Only the lines below from the one that holds "Ceramic sculpture of" through the one that holds "Handmade crochet graduation" should appear in the answer, copied exactly, end lines included and pictures omitted.

==========

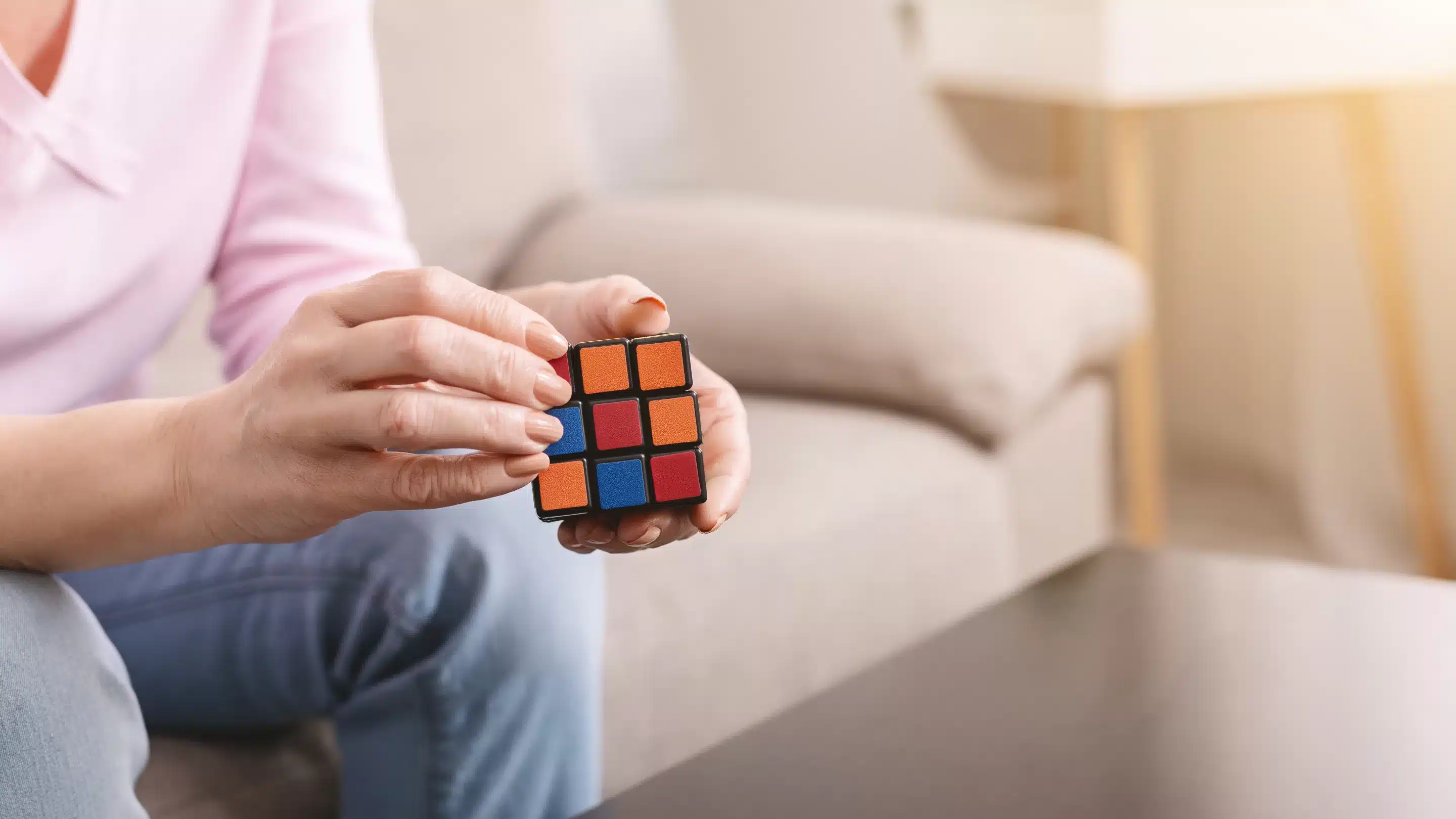 Person with adhd distracted by rubik's cube
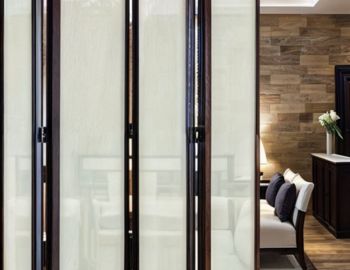 Space-saving bi-folding and stackable glass doors from Prime Glass & Aluminium – seamless indoor-outdoor transition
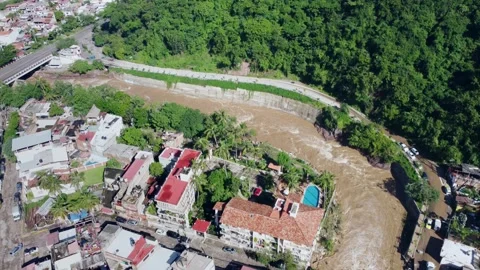 Rising River Passing through a Mexican City, Effects of Global Warming Stock Footage 253030777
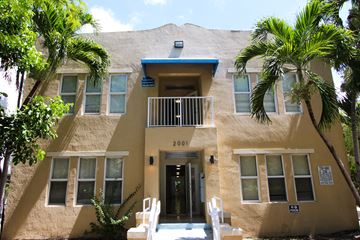 Miami apartment for rent - A building with a blue roof and a balcony with white railings.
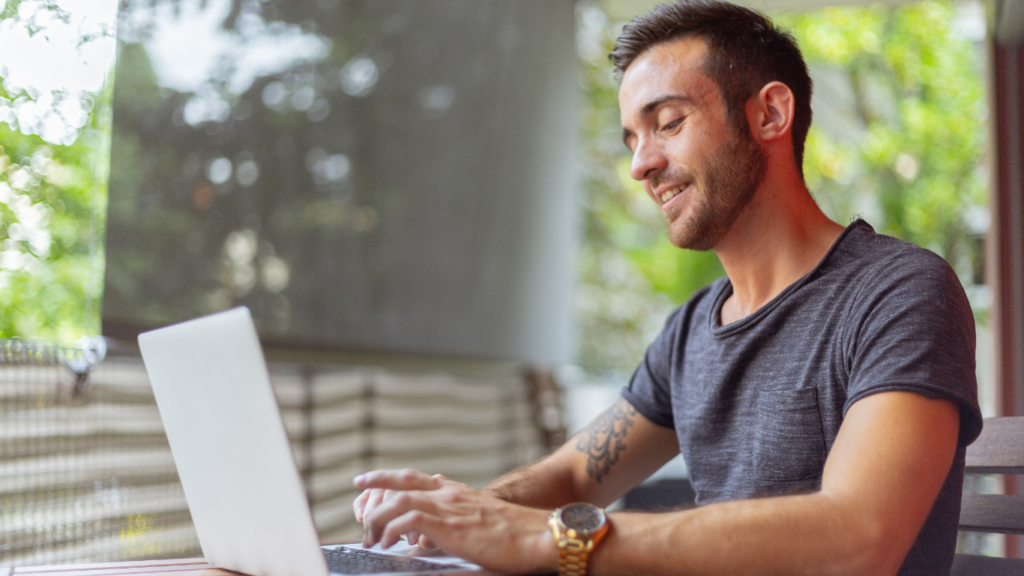 a person using a laptop outdoor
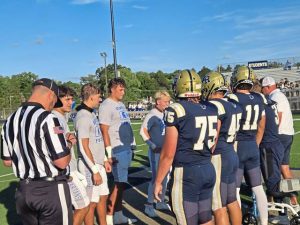 Players from Hempfield and Franklin Regional line up for the coin toss Friday at Franklin Regional.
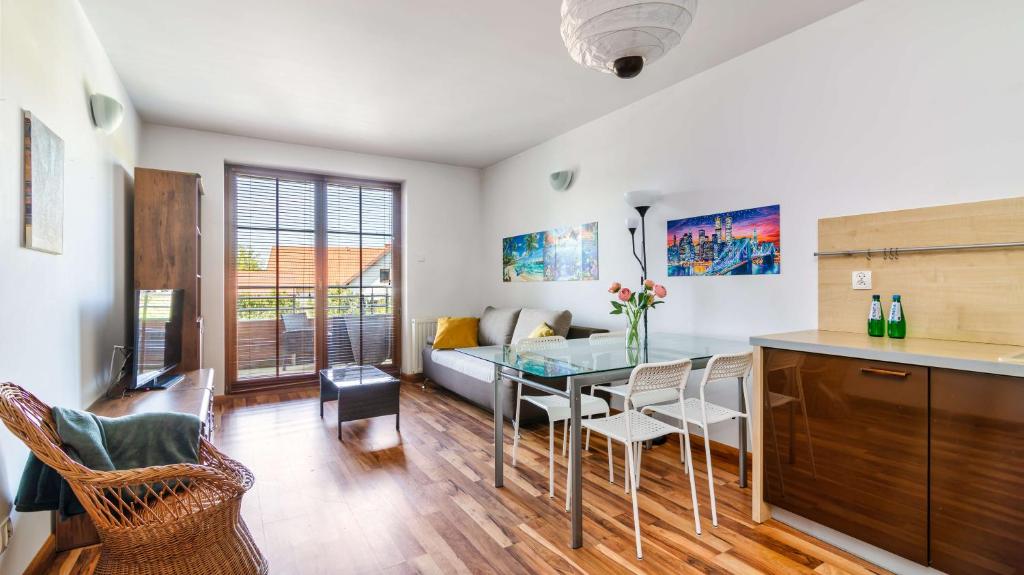 a kitchen and living room with a table and chairs at Apartamenty PIAMOLA Willa Turkusowa in Kąty Rybackie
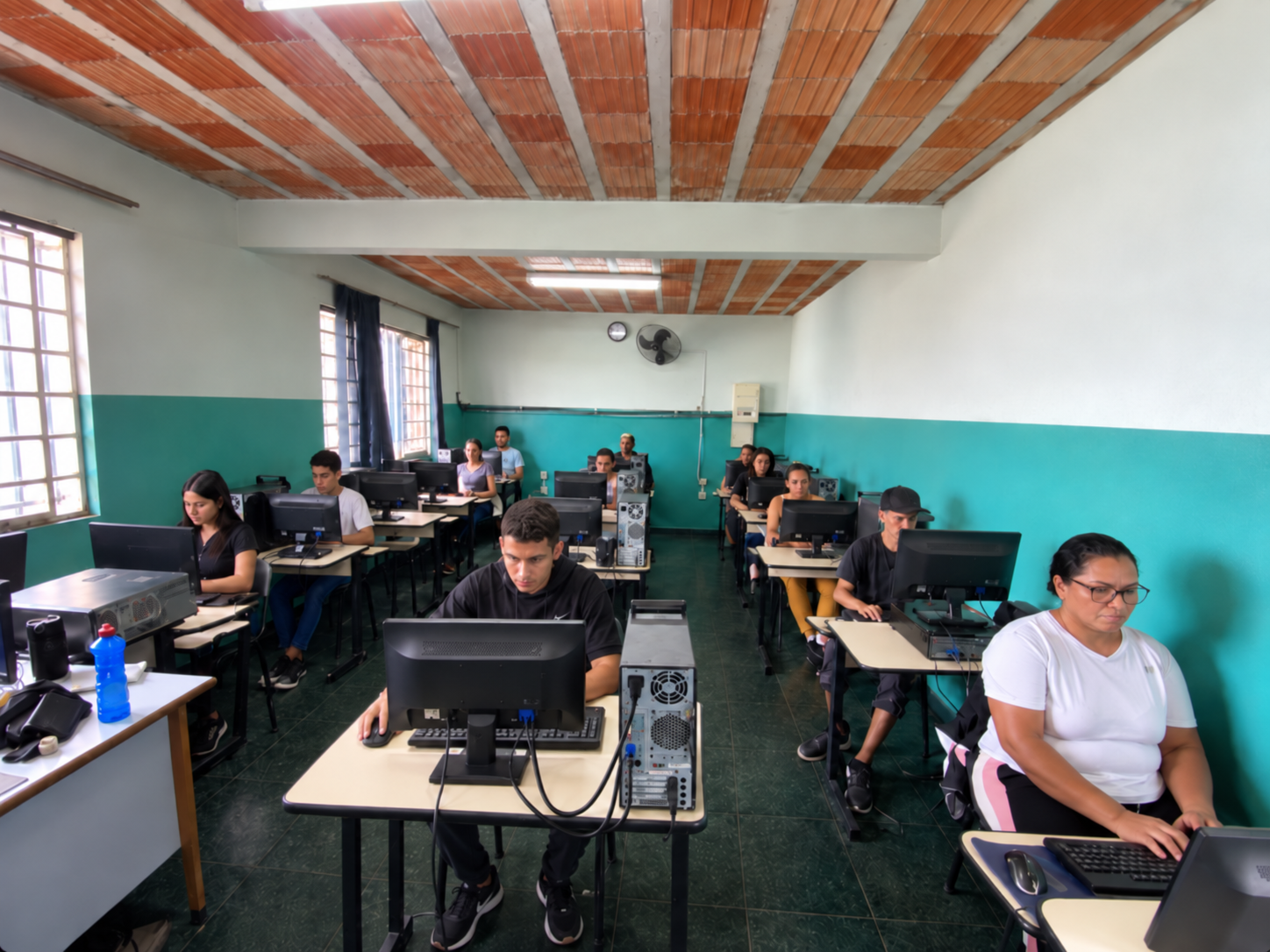 Turma de alunos em uma sala de informática, cada um utilizando um computador individual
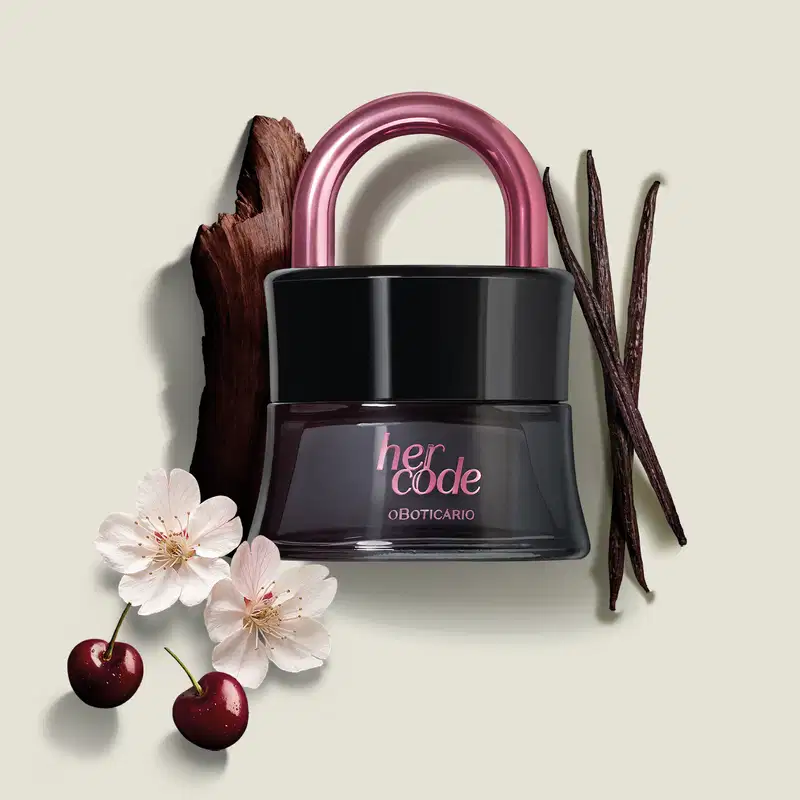 Vidro preto em formato de cadeado com arco e letras na cor rosa metalizado de Eau de Parfum Her Code Touch. Ao redor do frasco, há elementos decorativos como galhos secos, favos de baunilhas, duas cerejas vermelhas e flores de cerejeira rosa claro.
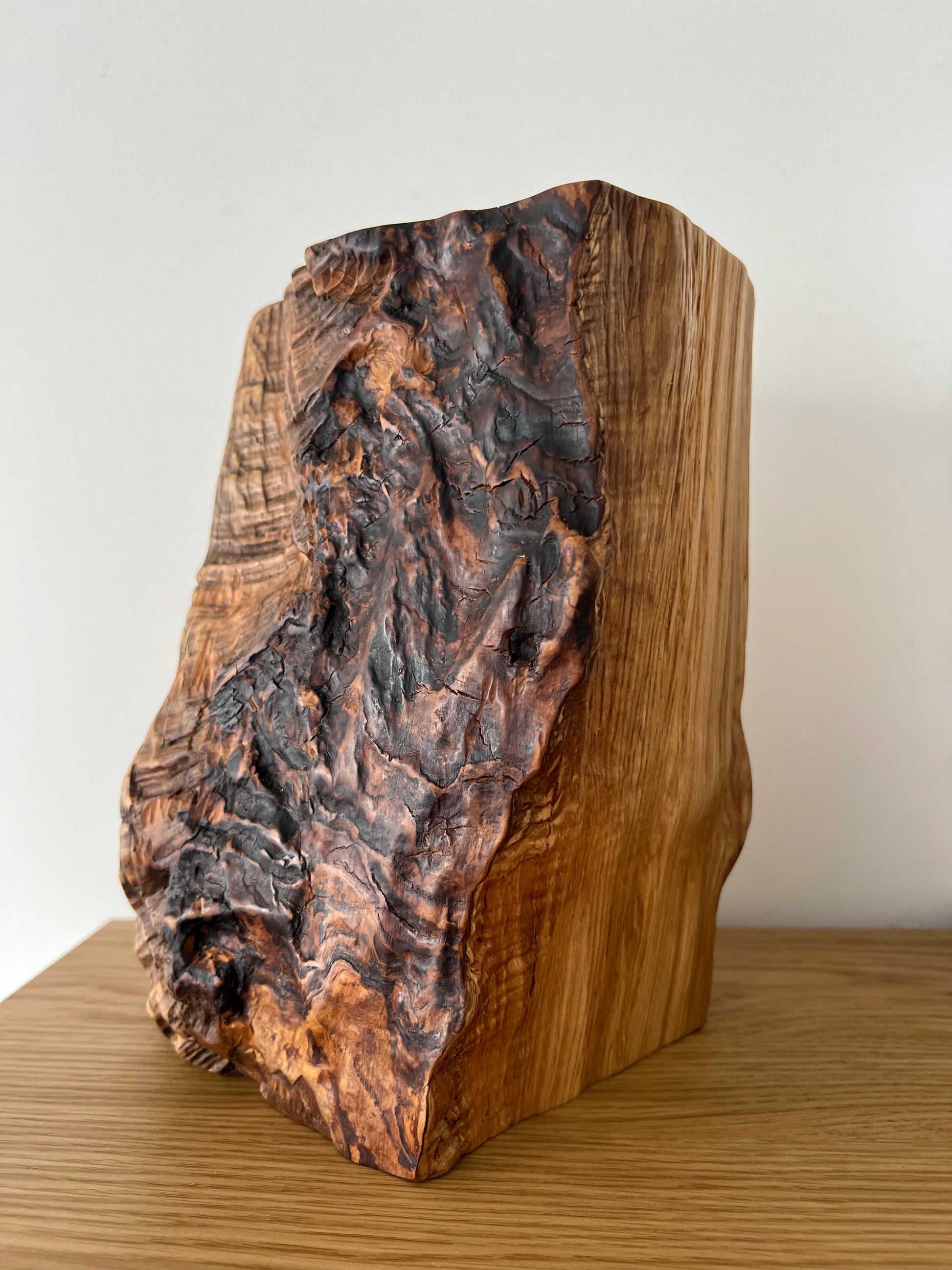 Ash wood lamp base photographed from the side, highlighting natural variations in color and texture.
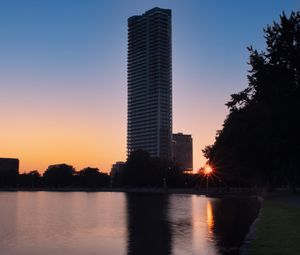 Preview wallpaper skyscraper, building, pond, sunset, city
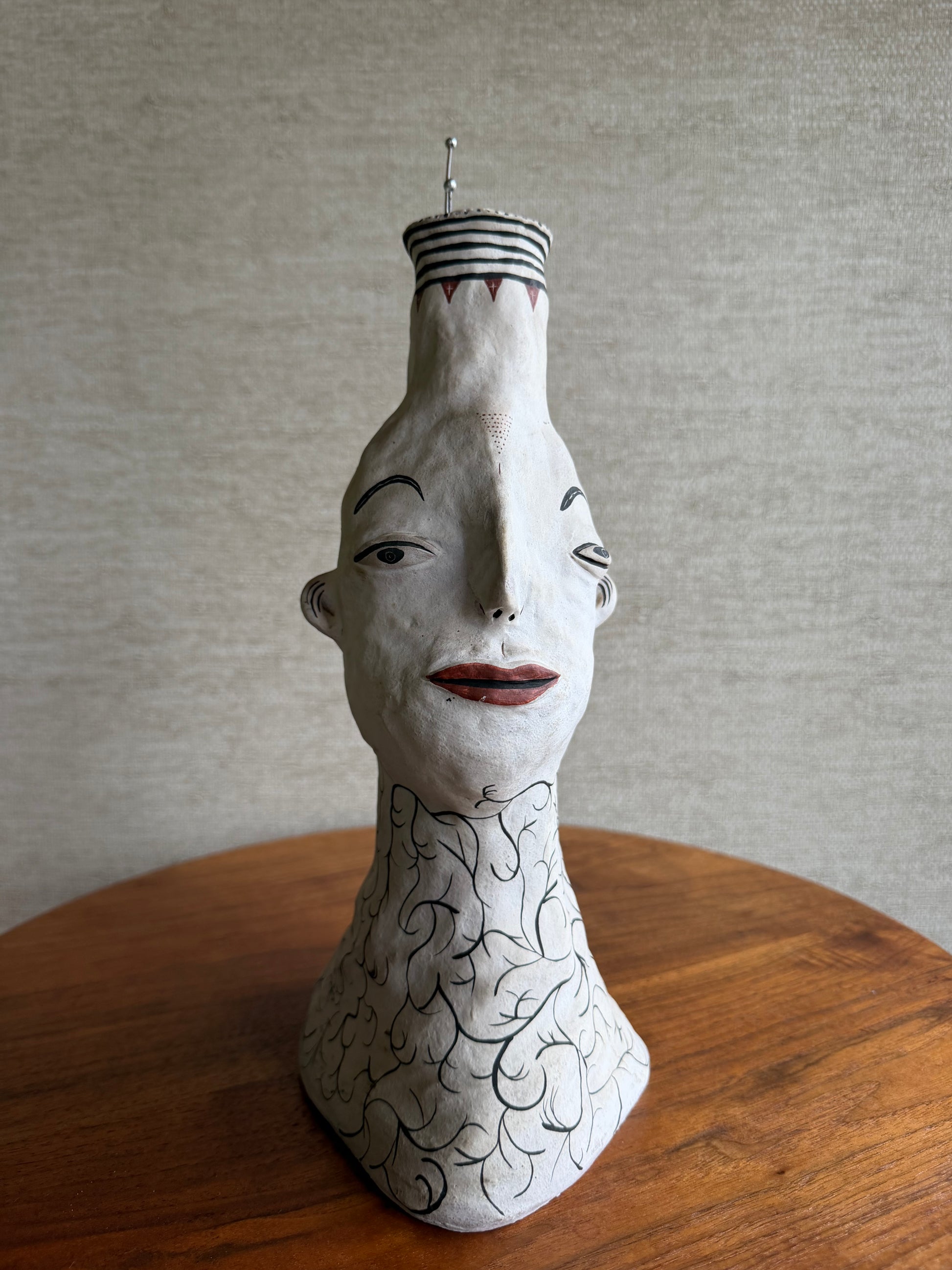 Ceramic sculpture of a face with intricate designs on a wooden surface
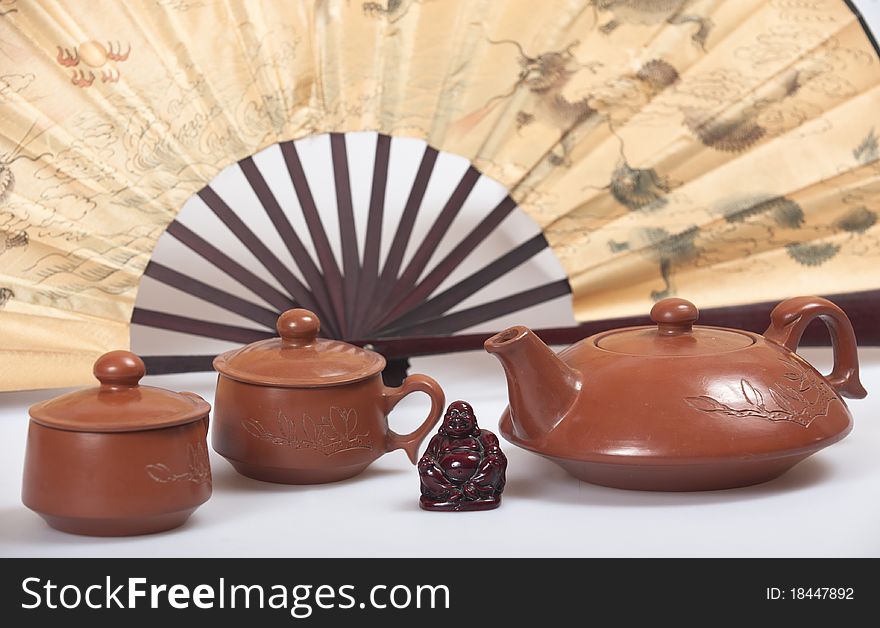 Chinese teapot set, Buddha and fan
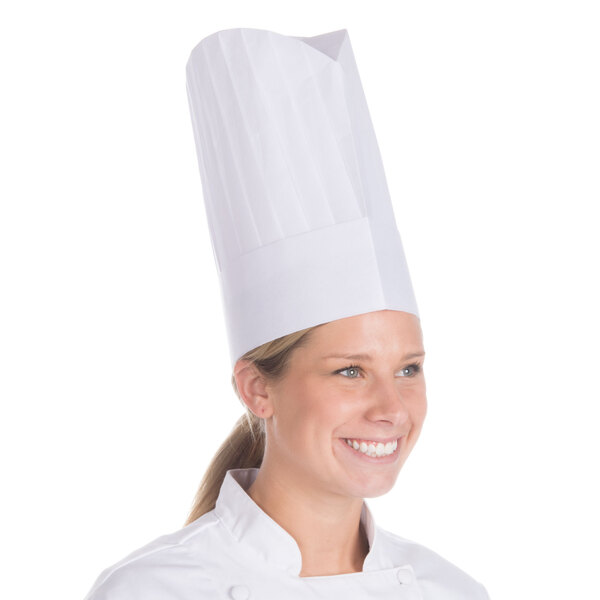 A woman wearing a Royal Paper white disposable chef hat.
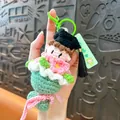 Handmade crochet graduation doll keychain with black cap and pink flower dress gift - Green Graduation Bouquet / Green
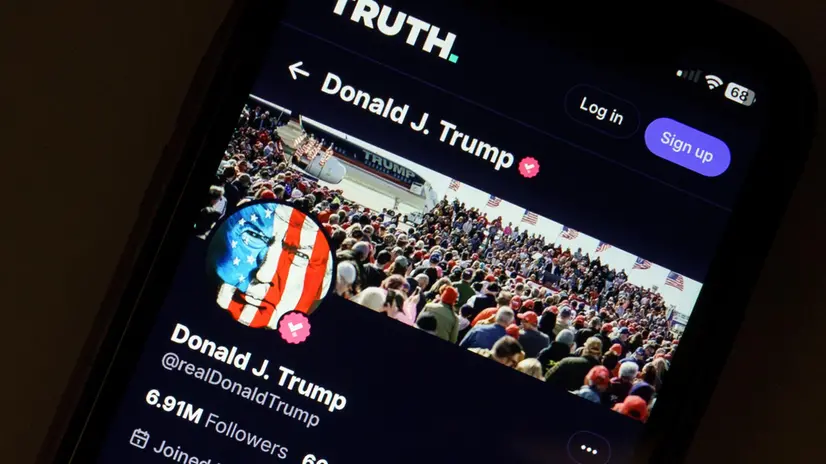 epa11255981 A photo illustration of former US President Donald Trump's account on social media platform Truth Social shown on a mobile phone in Washington, DC, USA, 02 April 2024. Stock in the parent company, Trump Media and Technology Group, fell sharply in the last 48 hrs after the organisation reported loses of $58 million last year. EPA/WILL OLIVER
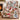 Snowman Sledding Hill Cocoa Day woven blanket draped over an armchair by the fireplace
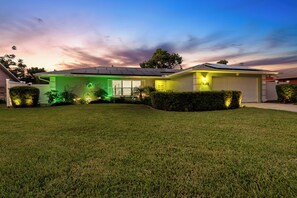 Ein modernes Haus mit Solaranlage, Garage und gepflegtem Rasen.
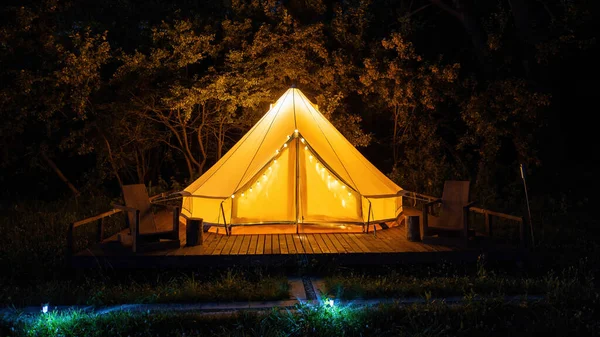 Geceleri glamping, önünde sandalyeler olan parlayan çadır, gece lambaları.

==========

__PROBLEM SOLUTION__:
 Ceramic sculpture of a face with intricate designs on a wooden surface
 Chinese teapot set, Buddha and fan
 A woman wearing a Royal Paper white disposable chef hat.
 Handmade crochet graduation doll keychain with black cap and pink flower dress gift - Green Graduation Bouquet / Green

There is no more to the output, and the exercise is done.